# Looking for a Wing Chun Instructor or school in North Carolina



## WILKESBOROKENPO (Feb 24, 2013)

Hello I am looking for a Wing chun school or Instrutor in North Carolina. I can be reached at sifucurt@charter.net or 336-957-6000


                                                                                                                                                       Thanks,
                                                                                                                                                        Curt


----------



## jeff_hasbrouck (Feb 24, 2013)

*WT Class Location *located at the J'Adore Ballroom (Charlotte Sports Complex)

508 Griffith Rd 
                        Charlotte NC 28217 
                        (704) 200-3147
*nc.wingtsun@gmail.com **
www.ncwingtsun.com

*This is under the "City Wing Tsun" banner headed by Sifu Alex Richter. In my opinion, the best, most comprehensive and wonderful Association in the US today.

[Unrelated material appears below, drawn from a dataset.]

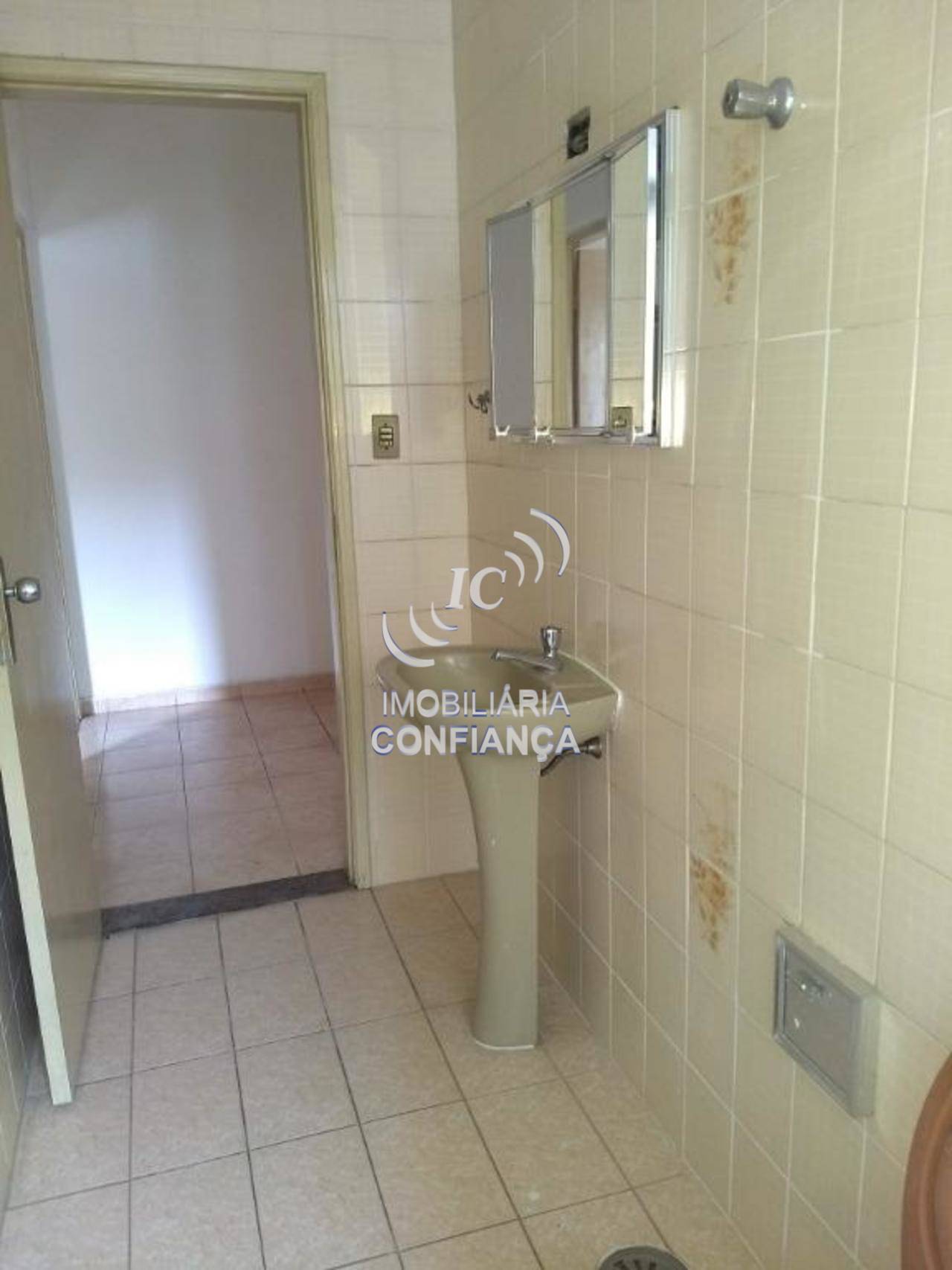 Imagem Apartamento com 2 Quartos para Alugar, 75 m²em Vila Romero - São Paulo Imagem Apartamento com 2 Quartos para Alugar, 75 m²em Vila Romero - São Paulo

I'm pretty sure the fella in NC is Directly under Sifu Alex, and whatever you level in your branch of WT/WC/VT/VC you will find these fella's to be knowledgable and very genuine. Pretty much you couldn't find a better association.

I have not met this particular instructor in NC, but they are a very reputable bunch of wonderful people and I couldn't imagine them having anyone under their banner who wasn't a super person.

So good luck and if you have any questions, look up citywingtsun.com.

Good luck in your training,

Jeff


----------



## knight2000 (Mar 11, 2013)

North Carolina is a big place. Care to narrow it down a little.


----------



## wtxs (Mar 11, 2013)

knight2000 said:


> North Carolina is a big place. Care to narrow it down a little.



Don't mean to be rude ,,, you did noticed an address had been given.:hmm:  Google map/earth should take care of that.


----------



## Monkey Turned Wolf (Mar 11, 2013)

wtxs said:


> Don't mean to be rude ,,, you did noticed an address had been given.:hmm:  Google map/earth should take care of that.


What address? jeff gave one for the school, but the OP never did...


----------



## wtxs (Mar 12, 2013)

kempodisciple said:


> What address? jeff gave one for the school, but the OP never did...



Agreed to the OP's oversight. It really doesn't matter who provided the location, guess knight2000 were typing the same time as Jeff and Jeff's input gotten posted first.:asian:


----------



## jeff_hasbrouck (Mar 12, 2013)

Ya that's me; Lightning fast fingers! lol


----------



## knight2000 (Mar 30, 2013)

The op just stated he was in North Carolina. I was asking him to specify a city as to provide him with the most accurate information. I guess could have just posted a list of all the schools in the state.


----------



## mysurvive (Mar 31, 2013)

336 is high point/greensboro, so charlotte is probably closer, I take WC here in Raleigh though.


----------